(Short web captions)
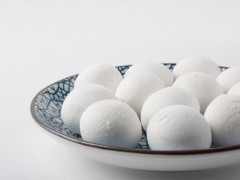 元宵节为什么吃汤圆呢 元宵节吃汤圆的寓意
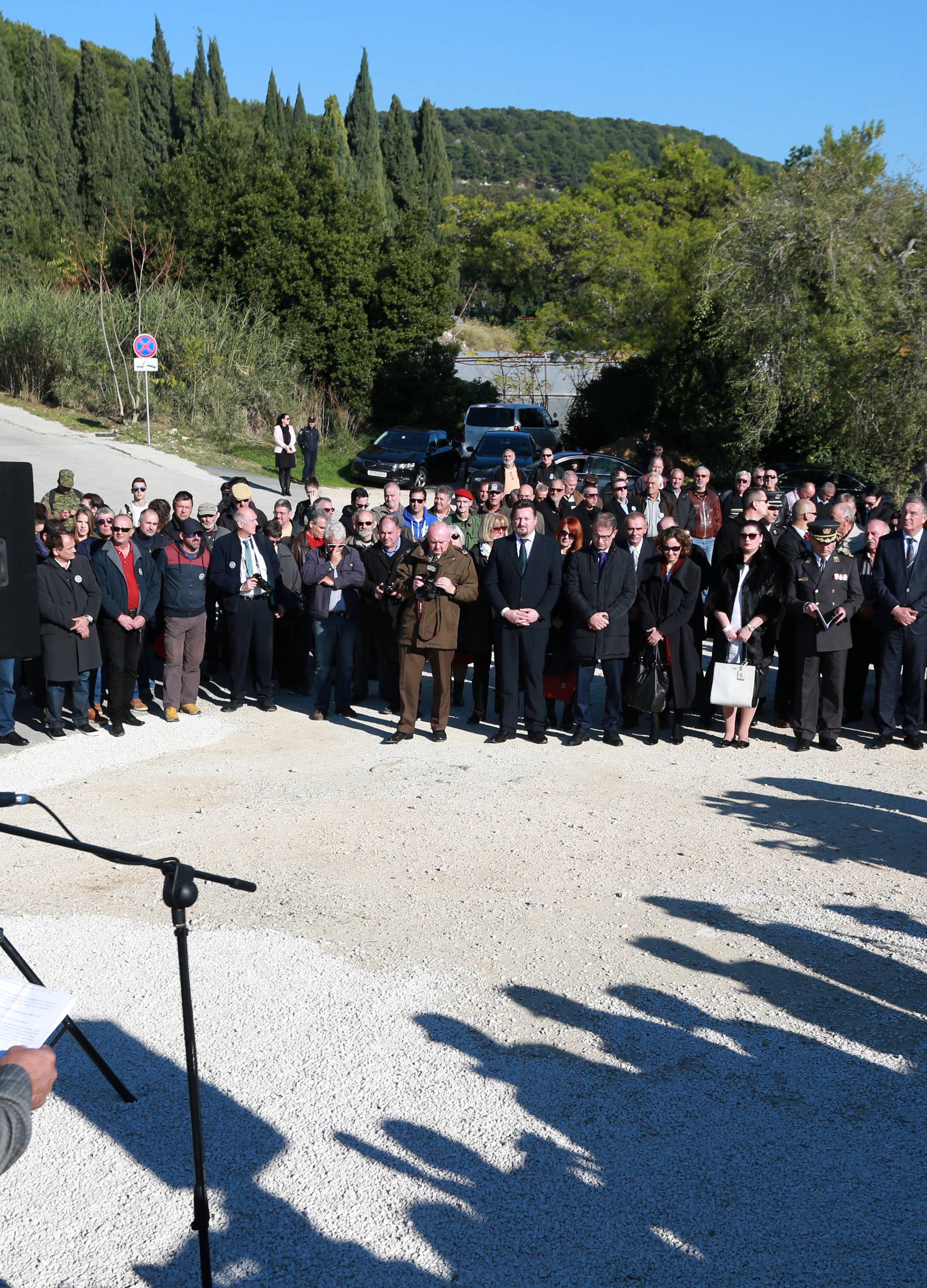 Andrej Plenkovic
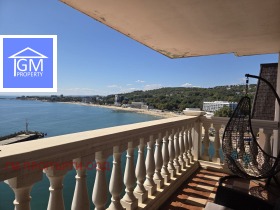 ������� 2-����� | Imot.bg � ����� ������ 12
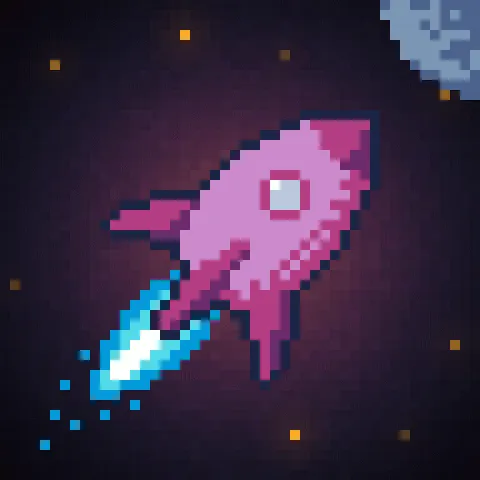 Item #86930099895832010777090787713874711345855243331456011795115323777378909421569 Media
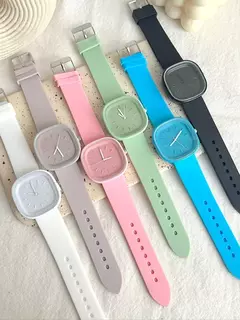 Reloj Maia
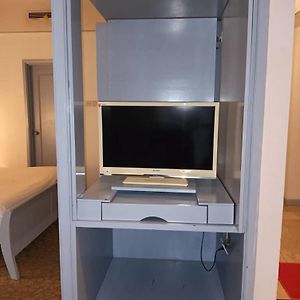 Appartement Supérieur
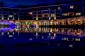 15589:25 - 1 BED LUXURY apartment Lighthouse Golf & Spa Hotel,Balchik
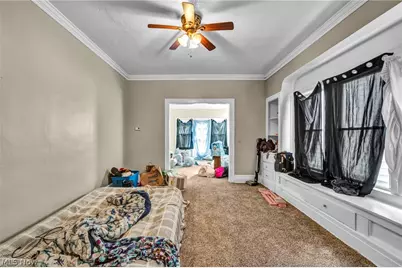 3438 E 140th Street, Loveland, OH 44120 - Photo 32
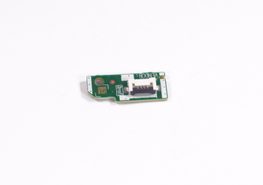 55.Q28N2.001 Acer Sensor Board G3-572-72YF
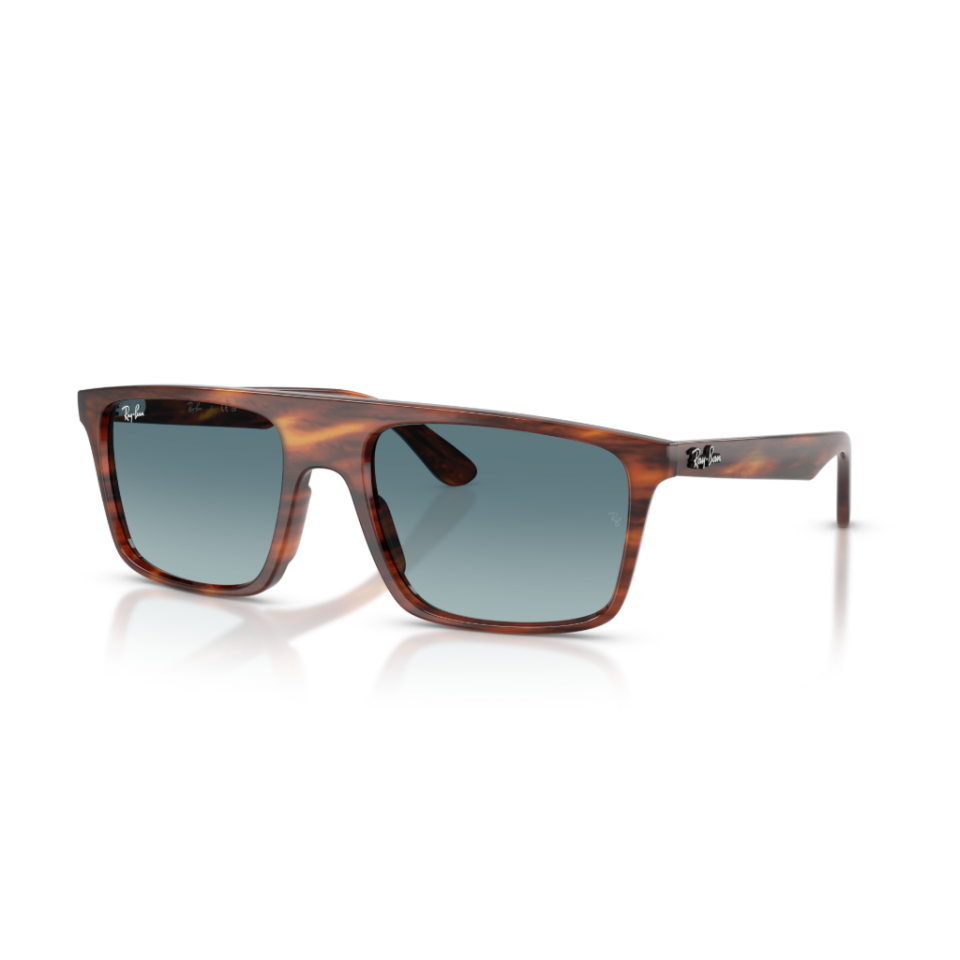 Ray-Ban RB 2222 954/3M 55 Erkek Güneş Gözlüğü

● **WHAT YOU NEED TO DO**: An exact copy is required of the lines from the one holding "Appartement Supérieur" to the end of the entries above, both included; no pictures belong in it.

● **ANSWER TO THE EXERCISE**:
 Appartement Supérieur
 15589:25 - 1 BED LUXURY apartment Lighthouse Golf & Spa Hotel,Balchik
 3438 E 140th Street, Loveland, OH 44120 - Photo 32
 55.Q28N2.001 Acer Sensor Board G3-572-72YF
 Ray-Ban RB 2222 954/3M 55 Erkek Güneş Gözlüğü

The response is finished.